Rabbi Yonah Grossman and his wife Esti arrived in Fargo seven years ago to spread Yiddishkeit to the 50 or so families in the region and the estimated 500 Jews throughout the state. The Chabad shluchim are pioneers in a sense. They volunteered to go to Fargo, where the only traditional synagogue held its last High Holiday services in 2000. “We came with a list of names of Jews, and have tried to meet with all of them.” While there are no daily minyanim — the community is overwhelmingly Reform and supports an established synagogue — they feel that they are making a difference by connecting Jews with their roots. They offer classes during the week and community Shabbos meals. They also travel to Grand Forks for an occasional Shabbos to connect with that community. For Purim, they had Megillah readings in Fargo, Grand Forks, Minot and Bismarck. More than 60 people heard the Megillah — many, perhaps, for the first time. The Grossmans were sent out to Fargo by Chabad’s Upper Midwest director, Rabbi Moshe Feller.

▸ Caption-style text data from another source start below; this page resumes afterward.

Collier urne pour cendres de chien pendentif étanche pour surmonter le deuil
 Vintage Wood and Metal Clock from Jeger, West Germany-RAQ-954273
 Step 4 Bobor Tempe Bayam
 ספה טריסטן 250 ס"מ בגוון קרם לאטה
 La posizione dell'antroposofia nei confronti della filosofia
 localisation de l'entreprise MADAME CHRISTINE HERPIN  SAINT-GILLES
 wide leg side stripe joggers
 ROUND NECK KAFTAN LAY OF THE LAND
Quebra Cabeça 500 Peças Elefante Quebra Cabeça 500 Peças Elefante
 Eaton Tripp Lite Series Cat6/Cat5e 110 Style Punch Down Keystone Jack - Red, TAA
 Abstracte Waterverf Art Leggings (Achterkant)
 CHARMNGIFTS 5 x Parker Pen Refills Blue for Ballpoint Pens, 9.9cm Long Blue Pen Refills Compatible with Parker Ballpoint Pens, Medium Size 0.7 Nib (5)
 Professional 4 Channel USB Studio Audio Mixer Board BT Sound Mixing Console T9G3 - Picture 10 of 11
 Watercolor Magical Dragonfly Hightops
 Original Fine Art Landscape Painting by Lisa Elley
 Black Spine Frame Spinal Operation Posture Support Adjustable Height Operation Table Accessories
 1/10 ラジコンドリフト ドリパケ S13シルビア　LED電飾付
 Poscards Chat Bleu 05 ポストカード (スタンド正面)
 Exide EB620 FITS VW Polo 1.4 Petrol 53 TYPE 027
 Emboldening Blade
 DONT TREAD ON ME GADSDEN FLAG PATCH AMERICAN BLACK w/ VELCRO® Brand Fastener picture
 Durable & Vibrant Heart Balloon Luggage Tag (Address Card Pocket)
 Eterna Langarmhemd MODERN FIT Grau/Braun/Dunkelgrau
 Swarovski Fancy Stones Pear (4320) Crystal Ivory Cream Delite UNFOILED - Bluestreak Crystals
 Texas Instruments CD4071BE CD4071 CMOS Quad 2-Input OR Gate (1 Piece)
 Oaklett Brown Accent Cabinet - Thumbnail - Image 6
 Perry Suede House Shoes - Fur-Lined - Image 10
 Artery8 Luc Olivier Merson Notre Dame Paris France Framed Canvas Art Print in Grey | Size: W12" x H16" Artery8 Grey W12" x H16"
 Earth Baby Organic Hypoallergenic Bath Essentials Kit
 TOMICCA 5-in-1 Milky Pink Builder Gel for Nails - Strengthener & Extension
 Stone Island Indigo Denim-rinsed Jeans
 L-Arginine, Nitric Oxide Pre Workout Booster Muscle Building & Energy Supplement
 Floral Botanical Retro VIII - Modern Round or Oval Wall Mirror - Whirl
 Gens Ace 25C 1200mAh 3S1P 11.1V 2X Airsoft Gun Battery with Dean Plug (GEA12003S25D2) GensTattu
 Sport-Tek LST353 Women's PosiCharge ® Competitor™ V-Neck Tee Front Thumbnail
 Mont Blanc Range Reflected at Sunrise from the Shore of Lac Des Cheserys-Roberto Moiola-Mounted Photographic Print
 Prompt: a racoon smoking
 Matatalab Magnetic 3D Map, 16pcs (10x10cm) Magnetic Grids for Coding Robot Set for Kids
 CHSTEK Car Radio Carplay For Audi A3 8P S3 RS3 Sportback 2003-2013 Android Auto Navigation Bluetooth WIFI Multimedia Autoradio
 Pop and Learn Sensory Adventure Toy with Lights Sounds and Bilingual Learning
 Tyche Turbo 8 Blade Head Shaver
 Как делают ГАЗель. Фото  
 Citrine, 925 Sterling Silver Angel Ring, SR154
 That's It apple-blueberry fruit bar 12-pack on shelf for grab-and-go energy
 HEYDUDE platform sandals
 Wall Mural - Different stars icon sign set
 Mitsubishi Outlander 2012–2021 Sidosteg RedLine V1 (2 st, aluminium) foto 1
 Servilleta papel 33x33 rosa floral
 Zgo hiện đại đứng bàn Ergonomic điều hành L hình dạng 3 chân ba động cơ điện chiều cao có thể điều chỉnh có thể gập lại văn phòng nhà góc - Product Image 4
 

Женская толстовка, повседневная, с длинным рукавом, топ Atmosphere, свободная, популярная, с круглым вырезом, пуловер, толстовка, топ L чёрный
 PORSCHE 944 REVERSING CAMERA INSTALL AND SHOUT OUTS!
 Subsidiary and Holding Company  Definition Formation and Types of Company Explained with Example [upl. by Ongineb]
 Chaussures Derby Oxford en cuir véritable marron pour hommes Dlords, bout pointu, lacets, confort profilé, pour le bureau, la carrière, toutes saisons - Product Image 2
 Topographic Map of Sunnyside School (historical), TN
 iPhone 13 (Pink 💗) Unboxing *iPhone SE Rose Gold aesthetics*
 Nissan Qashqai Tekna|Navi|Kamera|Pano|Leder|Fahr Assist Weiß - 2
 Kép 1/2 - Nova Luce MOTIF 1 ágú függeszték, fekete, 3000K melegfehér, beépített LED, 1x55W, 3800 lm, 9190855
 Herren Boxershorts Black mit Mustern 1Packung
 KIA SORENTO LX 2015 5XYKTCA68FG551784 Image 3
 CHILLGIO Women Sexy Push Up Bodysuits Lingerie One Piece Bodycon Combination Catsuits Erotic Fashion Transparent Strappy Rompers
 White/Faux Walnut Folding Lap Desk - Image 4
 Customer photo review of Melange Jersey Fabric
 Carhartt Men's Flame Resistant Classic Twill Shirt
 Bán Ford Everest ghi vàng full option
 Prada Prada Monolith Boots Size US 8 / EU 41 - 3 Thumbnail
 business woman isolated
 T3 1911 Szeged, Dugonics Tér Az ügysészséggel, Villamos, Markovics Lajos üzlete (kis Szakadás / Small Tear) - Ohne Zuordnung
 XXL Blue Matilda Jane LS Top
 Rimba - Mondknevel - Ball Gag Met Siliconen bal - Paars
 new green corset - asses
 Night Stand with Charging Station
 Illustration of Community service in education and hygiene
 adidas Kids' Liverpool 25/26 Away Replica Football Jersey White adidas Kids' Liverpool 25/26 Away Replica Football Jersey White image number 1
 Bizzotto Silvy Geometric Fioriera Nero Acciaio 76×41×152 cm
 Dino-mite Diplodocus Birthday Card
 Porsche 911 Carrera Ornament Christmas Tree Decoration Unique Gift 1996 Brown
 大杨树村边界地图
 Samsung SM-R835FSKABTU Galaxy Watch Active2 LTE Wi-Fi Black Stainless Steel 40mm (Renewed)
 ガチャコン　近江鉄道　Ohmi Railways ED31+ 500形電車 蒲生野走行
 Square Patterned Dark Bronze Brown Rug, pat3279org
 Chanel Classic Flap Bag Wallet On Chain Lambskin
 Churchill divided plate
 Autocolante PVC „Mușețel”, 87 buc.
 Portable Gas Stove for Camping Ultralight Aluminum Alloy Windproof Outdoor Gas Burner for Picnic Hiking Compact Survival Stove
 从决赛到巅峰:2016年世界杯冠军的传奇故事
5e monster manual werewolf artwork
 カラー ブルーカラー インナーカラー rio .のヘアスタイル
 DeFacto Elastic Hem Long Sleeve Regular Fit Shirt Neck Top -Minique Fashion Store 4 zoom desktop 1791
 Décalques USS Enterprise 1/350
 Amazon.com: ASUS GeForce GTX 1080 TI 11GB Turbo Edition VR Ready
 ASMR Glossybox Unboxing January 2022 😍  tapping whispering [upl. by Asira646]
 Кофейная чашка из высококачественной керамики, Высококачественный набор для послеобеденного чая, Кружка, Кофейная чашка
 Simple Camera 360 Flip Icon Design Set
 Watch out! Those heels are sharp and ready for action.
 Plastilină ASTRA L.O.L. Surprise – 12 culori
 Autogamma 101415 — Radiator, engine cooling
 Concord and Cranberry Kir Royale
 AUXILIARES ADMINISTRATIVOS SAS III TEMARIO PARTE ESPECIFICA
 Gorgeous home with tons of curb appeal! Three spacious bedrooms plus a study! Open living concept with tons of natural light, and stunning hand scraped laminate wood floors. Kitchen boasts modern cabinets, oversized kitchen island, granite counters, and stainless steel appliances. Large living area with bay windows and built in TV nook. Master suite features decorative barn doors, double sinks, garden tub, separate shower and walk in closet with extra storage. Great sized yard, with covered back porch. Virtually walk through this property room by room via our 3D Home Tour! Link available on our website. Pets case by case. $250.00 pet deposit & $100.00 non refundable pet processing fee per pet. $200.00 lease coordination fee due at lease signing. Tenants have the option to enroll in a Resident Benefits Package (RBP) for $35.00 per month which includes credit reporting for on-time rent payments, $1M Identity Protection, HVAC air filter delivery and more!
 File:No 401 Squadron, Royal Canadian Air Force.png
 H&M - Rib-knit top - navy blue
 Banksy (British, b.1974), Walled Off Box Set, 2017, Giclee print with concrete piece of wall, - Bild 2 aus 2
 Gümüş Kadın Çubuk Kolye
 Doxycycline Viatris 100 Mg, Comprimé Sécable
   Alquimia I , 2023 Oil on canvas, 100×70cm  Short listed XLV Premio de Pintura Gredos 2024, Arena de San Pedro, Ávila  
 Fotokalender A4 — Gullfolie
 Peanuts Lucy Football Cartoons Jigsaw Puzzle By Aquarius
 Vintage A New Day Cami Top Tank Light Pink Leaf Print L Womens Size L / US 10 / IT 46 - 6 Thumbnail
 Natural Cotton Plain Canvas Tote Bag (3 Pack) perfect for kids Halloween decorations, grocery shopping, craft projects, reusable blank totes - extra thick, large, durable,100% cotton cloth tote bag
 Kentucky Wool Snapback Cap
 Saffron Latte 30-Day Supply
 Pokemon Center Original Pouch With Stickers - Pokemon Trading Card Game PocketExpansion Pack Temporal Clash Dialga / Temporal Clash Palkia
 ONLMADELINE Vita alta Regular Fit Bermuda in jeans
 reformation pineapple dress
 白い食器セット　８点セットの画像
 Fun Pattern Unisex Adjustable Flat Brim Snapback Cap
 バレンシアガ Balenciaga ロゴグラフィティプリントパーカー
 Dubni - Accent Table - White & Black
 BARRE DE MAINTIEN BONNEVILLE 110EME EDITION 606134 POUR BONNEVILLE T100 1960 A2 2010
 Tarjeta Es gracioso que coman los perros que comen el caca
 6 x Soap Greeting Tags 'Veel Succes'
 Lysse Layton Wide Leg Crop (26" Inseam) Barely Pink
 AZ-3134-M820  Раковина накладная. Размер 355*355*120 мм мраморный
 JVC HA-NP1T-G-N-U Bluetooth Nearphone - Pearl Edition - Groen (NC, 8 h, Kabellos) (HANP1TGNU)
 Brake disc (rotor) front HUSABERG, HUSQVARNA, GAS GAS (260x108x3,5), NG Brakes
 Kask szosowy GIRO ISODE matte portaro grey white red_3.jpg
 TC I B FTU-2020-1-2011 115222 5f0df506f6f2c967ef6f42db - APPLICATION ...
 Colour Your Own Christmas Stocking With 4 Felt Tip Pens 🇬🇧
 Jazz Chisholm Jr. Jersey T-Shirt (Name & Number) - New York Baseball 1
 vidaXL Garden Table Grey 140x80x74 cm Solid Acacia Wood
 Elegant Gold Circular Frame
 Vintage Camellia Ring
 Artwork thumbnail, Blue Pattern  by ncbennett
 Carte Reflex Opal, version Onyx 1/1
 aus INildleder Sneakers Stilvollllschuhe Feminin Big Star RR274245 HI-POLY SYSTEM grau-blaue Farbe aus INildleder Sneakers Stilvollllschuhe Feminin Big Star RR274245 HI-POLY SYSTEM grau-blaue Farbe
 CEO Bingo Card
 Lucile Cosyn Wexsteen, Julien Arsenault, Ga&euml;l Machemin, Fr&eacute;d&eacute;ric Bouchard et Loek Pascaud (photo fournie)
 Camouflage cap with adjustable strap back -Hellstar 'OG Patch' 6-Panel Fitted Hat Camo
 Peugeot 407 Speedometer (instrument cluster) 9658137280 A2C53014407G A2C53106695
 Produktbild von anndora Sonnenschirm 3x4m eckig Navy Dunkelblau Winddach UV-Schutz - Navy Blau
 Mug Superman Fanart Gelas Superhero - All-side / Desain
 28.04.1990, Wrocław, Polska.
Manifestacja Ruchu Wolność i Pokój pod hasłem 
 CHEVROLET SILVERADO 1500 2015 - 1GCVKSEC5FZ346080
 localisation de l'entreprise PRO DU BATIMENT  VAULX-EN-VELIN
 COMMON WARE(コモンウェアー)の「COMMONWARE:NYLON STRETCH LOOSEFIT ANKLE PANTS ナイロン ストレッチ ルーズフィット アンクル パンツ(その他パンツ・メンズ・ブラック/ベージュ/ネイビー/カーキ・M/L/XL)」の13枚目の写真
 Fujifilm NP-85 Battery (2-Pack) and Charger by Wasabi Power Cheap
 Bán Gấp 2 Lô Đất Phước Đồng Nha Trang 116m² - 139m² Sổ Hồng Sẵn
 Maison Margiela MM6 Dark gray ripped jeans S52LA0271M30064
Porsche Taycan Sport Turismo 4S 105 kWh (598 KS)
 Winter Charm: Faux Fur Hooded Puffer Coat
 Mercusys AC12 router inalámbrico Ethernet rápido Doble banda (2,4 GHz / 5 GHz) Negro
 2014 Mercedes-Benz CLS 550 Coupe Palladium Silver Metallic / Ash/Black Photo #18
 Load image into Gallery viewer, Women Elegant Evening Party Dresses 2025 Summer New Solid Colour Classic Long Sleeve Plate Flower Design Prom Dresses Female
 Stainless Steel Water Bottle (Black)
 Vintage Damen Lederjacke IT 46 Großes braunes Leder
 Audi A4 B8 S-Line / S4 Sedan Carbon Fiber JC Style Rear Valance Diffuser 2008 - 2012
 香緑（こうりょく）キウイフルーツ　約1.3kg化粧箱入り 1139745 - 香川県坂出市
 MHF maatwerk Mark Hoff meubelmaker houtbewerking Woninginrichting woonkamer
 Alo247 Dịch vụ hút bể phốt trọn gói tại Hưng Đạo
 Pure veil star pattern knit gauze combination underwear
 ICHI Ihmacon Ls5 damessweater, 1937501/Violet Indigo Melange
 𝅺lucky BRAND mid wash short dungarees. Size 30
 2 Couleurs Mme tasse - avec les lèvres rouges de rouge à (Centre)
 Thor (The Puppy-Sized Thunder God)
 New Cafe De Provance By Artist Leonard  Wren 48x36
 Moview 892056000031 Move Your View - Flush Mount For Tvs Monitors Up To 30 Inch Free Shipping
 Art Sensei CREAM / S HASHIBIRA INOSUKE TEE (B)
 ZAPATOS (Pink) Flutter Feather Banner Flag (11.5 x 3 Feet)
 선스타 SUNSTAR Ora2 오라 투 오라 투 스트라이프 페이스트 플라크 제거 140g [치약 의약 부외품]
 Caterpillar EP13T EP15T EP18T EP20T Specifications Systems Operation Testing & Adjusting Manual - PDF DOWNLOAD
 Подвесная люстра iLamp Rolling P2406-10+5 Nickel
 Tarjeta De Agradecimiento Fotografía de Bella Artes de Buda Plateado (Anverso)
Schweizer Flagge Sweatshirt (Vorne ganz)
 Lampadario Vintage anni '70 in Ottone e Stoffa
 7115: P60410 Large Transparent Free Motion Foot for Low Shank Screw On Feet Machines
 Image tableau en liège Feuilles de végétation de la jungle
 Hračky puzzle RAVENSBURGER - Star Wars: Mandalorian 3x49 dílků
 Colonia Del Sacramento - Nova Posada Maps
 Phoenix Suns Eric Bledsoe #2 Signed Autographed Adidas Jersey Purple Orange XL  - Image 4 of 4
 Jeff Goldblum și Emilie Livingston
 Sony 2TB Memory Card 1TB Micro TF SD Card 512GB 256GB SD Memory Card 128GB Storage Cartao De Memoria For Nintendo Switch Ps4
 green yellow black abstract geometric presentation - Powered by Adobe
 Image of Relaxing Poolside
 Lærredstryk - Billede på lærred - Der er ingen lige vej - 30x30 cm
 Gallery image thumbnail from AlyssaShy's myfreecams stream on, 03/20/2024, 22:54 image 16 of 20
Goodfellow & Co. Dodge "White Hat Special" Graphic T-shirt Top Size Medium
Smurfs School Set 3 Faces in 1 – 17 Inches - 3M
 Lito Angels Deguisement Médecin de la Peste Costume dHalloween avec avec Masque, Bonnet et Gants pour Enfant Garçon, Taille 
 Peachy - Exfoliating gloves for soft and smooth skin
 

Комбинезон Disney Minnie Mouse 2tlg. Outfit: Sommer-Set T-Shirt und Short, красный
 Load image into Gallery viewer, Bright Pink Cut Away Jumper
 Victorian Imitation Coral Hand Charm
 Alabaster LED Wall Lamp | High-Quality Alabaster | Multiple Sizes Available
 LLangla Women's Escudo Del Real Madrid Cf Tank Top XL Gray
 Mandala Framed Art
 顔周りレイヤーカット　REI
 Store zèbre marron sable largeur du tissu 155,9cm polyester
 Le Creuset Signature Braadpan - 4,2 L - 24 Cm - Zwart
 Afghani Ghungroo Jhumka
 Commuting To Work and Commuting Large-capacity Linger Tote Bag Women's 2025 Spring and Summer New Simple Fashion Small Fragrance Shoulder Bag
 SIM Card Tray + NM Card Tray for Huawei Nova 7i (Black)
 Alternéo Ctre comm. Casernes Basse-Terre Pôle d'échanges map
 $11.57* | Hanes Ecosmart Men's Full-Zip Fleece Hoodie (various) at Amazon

When Rabbi Feller was a bachur in the 1950s, he stopped by our house in Grand Forks to try to convince my parents to send my brother to yeshivah, a suggestion that went nowhere, since my brother fled with his baseball buddies when he saw Rabbi Feller and another bachur.

Rabbi Grossman, who is originally from Long Beach, California, grew up in one of the best climates in the country. “Now I’m trying to warm up Fargo’s Jewish community.”

Shalom Orenstein, now a Chabad Rabbi, is the great-great-grandson of Rabbi Papermaster. “I knew about him when I was growing up — my grandmother still lived in Minot and Devils Lake and told stories about him,” he says.

When Rabbi Orenstein’s father became a baal teshuvah, it was only natural for his son to go to yeshivah. As a bachur, he was one of scores of Chabad yeshivah students who visit far-flung outposts to find Jews and encourage them to connect with their roots. “There is a small group of Jews in Minot [in the north-central part of the state] who get together Friday nights for dinner. One of them is on the way to becoming frum.”

Orenstein, 23, who is now in kollel in Crown Heights, traveled to Grand Forks last year, where he conducted a Seder. Fewer than 10 people attended. Outside of the Orthodox community, there are several others who try to provide Jewish connection and awareness in Grand Forks as well. Ben Garwood, president of the temple there, which has about 25 member families, says, “We haven’t had a resident Rabbi since 1970, but we have a bar or bat mitzvah once a year or so.” There have been no weddings at the synagogue in the past 20 years.

Reminiscences

Time has a way of shaping memories, both good and bad, and despite the downsides of growing up in Grand Forks, I also have fond memories.

The shofar-blowing contests for those of us who were AWOL from Sunday school, and how my older sister Gladys tried to control our Sunday school class as a half-dozen jokers held sway.

The annual chevrah kaddisha dinner, prepared by women in the community. It was the social highlight of the year.

My bar mitzvah, when everyone in the community came — as they did for all simchos. After Shabbos davening, the long kiddush began with l’chaims — and progressed to a table groaning with schmaltz herring, cold cuts and a dozen salads that reflected the cuisines of Eastern and Western Europe. At times like that, despite their differences, I think everybody in the community liked and respected each other.

Rabbi Berkal’s sonorous tenor when he led Shabbos and Yom Tov services.

Long Shabbos afternoons in the summer when we and a few other families visited Rabbi Berkal’s home for tea and pastries.

My mother preparing gefilte fish from scratch and salting a chicken on Thursday nights. My Bubbe’s onion pletzl.

How I followed my Zaide around his house — holding the back of his tallis so it wouldn’t get dirty when he davened. Wonderful memories.

In Minot, the synagogue has closed. A local doctor has taken the Torah into his home and offers services for residents who want to say Kaddish. That’s a far cry from the High Holidays at the turn of the century when the Grand Forks shul attracted more than 300 Jews, hungry for the Yiddishkeit they had known in the shtetls of Europe.